We recommend that you enable autoscaling in most cases. The benefits of autoscaling include the following:

Costs - Autoscaling can help you optimize costs because Bigtable reduces the number of nodes in your cluster whenever possible. This can help you avoid over-provisioning.
Performance - Autoscaling lets Bigtable automatically add nodes to a cluster when a workload changes or there is an increase in data storage requirements. This helps maintain workload performance objectives by ensuring that the cluster has enough nodes to meet the target CPU utilization and storage requirements.
Automation - Autoscaling reduces management complexity. You don't need to monitor and scale the cluster size manually or write an application to do these tasks, because the Bigtable service handles them for you.

Autoscaling alone might not work well for the following workload types, because even though Bigtable quickly adds nodes when traffic increases, it can take time to balance the additional nodes.

Bursty traffic
Sudden batch workloads

If your spikes in usage are predictable or regularly scheduled, you can use autoscaling and adjust the settings before the planned bursts.
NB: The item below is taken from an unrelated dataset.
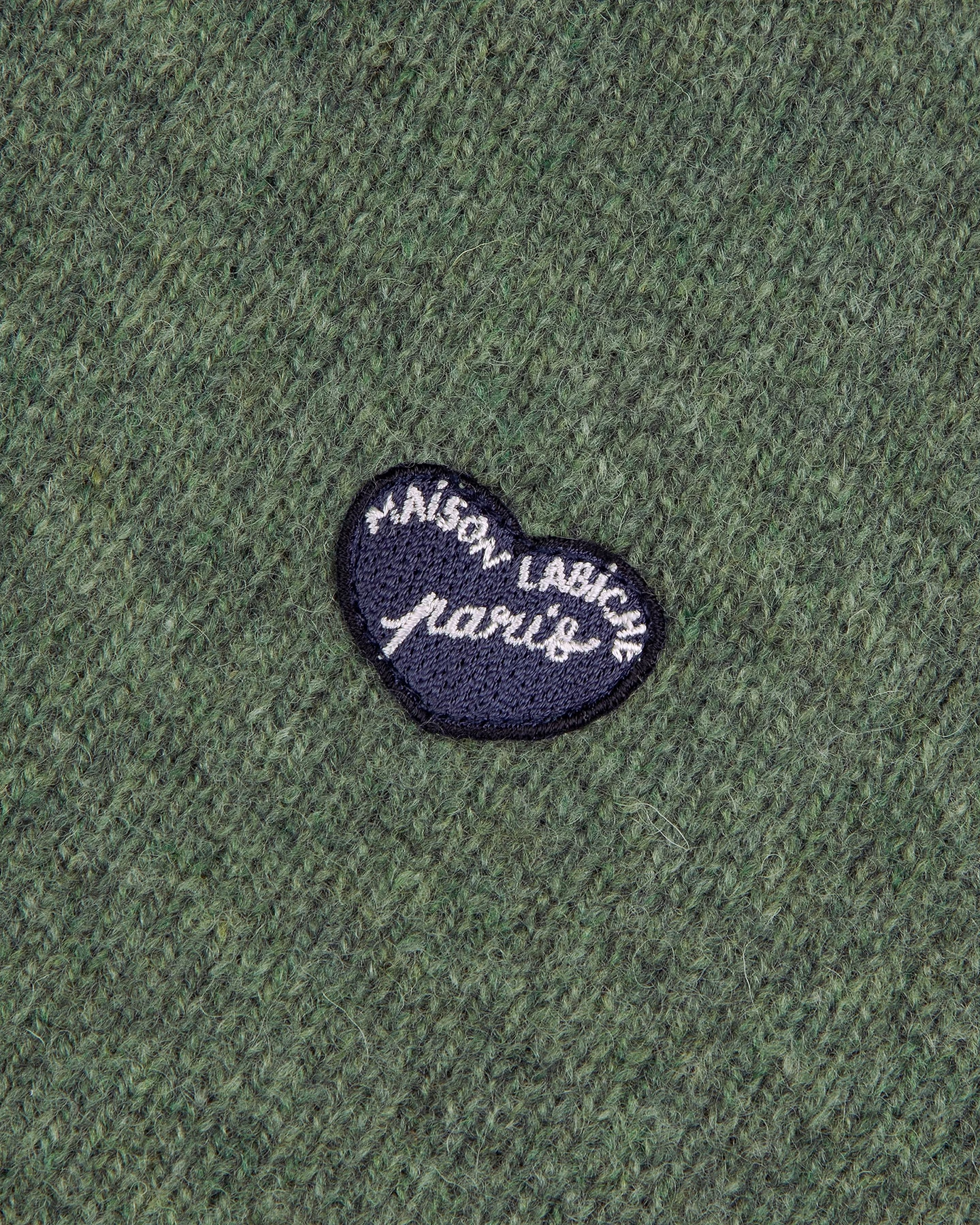 Pull Guillaumin "Patch Cœur" Laine Mérinos Extrafine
See Delay while nodes rebalance for details.

How autoscaling works

Autoscaling is the process of automatically scaling, or changing the size of, a cluster by adding or removing nodes. When you enable autoscaling, Bigtable automatically adjusts the size of your cluster for you. When your cluster's workload or storage needs fluctuate, Bigtable either scales up, adding nodes to the cluster, or it scales down, removing nodes from the cluster.

Bigtable autoscaling determines the number of nodes required, based on the following dimensions:

CPU utilization target
Storage utilization target
Minimum number of nodes
Maximum number of nodes

Each scaling dimension generates a recommended node count, and Bigtable automatically uses the highest one. This means, for example, that if your cluster needs 10 nodes to meet your storage utilization target but 12 to meet your CPU utilization target, Bigtable scales the cluster to 12 nodes.

As the number of nodes changes, Bigtable continuously optimizes the storage, rebalancing data across the nodes, to ensure that traffic is spread evenly and no node is overloaded.

After a cluster is scaled up, Bigtable automatically rebalances the nodes in your cluster for optimal performance. All requests continue to reach the cluster while scaling and rebalancing are in progress. See Scaling limitations for more information.

If a cluster has scaled up to its maximum number of nodes and the CPU utilization target is exceeded, requests might have high latency or fail. If a cluster has scaled up to its maximum number of nodes and the storage utilization limit is exceeded, write requests will fail. See Storage per node for more details on storage limits.

When a node is added to a small cluster, such as a one-node cluster, you might observe a temporary increase in latency as the cluster rebalances. This is because the additional node proportionally doubles the size of the cluster. Similarly, if a cluster decreases in size from two nodes to one node, some latency might occur.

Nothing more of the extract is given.